Ryan Adams. Bryan Adams. Yup, there's no two ways about it - they're similar names. They're not, however, very similar musicians - which led to a lot of angst in the early part of the former's career.

He's well-established as a musician these days, but back in 2002 Ryan Adams was still in the early-ish days of his career, having released the career-making 'Gold' the previous year.

He was also a lot more sensitive to heckling back then, as he famously kicked a heckler/wannabe comedian who insisted on continuously shouting for the Bryan Adams hit 'Summer of '69' at Nashville's Ryman Auditorium.

Now, he's explained what really happened in an entertaining op-ed for The New York Times.

“I finally had enough and piped up: “Who is it? Who is shouting? Tell me who it is!”," he wrote. "I asked the person to raise his hand so I could see him. He did not. Finally people pointed furiously to a seat not far from me in the front. I walked down the few wooden steps in front of the stage to the aisle where all the fingers pointed.

By the time I got there, I was so angry.
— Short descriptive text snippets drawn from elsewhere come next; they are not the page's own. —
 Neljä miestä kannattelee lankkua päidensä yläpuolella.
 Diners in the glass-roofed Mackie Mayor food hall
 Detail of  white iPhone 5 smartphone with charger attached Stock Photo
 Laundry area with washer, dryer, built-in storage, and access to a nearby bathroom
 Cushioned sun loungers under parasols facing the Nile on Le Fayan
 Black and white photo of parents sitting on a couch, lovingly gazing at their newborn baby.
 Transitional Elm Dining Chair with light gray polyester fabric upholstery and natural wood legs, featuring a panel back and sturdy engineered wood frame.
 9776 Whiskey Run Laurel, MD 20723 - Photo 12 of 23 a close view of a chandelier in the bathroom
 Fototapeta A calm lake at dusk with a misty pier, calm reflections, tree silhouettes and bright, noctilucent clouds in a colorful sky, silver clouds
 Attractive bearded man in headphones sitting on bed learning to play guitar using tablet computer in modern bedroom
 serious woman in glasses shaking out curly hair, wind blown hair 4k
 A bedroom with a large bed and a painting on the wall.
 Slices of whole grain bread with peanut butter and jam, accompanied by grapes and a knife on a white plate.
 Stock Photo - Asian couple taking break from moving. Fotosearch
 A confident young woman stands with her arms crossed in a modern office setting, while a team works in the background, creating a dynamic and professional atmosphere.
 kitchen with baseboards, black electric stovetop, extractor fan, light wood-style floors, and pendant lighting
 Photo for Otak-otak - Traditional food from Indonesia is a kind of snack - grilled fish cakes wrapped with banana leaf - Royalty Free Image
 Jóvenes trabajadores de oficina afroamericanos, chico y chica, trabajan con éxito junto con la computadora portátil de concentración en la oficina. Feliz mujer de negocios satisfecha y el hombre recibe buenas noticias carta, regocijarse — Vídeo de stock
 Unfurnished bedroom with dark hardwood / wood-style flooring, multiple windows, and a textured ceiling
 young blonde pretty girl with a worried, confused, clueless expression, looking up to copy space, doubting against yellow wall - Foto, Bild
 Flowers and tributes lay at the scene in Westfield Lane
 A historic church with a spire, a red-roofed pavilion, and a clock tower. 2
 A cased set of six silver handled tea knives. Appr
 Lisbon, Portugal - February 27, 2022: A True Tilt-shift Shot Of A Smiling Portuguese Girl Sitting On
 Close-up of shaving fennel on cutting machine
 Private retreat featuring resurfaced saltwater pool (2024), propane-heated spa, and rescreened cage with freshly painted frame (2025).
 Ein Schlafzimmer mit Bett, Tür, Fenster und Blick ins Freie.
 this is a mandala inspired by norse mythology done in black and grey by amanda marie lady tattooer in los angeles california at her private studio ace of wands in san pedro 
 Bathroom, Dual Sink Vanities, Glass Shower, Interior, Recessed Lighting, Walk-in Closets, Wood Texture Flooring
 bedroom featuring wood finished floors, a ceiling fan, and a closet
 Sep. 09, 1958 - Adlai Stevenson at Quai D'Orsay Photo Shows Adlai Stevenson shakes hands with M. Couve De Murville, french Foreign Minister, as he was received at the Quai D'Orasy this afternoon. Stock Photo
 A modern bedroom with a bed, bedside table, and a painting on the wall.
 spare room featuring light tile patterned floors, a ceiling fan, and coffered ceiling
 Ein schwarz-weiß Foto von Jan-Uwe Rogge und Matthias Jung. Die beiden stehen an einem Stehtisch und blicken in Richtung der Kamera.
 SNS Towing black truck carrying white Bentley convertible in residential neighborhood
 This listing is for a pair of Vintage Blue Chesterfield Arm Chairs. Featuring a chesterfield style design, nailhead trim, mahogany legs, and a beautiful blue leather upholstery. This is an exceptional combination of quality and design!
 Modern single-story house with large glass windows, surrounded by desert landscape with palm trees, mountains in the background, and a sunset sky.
I felt humiliated, but what else could be done? Either way I had lost something. Unlike a more seasoned comic or musician, I didn’t have the experience to ignore a situation like this, or to use wit to turn it around. I felt a kind of disappointment and disillusionment that I had never known — and it was in front of a thousand-plus people.”

After walking down the stage to confront the heckler, he said "Hey man, if you were trying to ruin the show you succeeded, but I need to try and finish this — it’s my job.’ I pulled out two $20 bills and said: ‘Here is your money, please take a taxi and leave here. Go home and take an aspirin. Please. Leave.’

"I walked back to the stage," he continued. "People applauded. The fourth wall was destroyed in the worst possible way. But this moment, where I decided to do what the security and the people around him would not, felt genuine. It is what I would have done if I were in the audience.”

To his credit, Adams has mellowed over the years and learned to take the heckling less personally - even covering 'Summer of '69' at the same venue in 2015.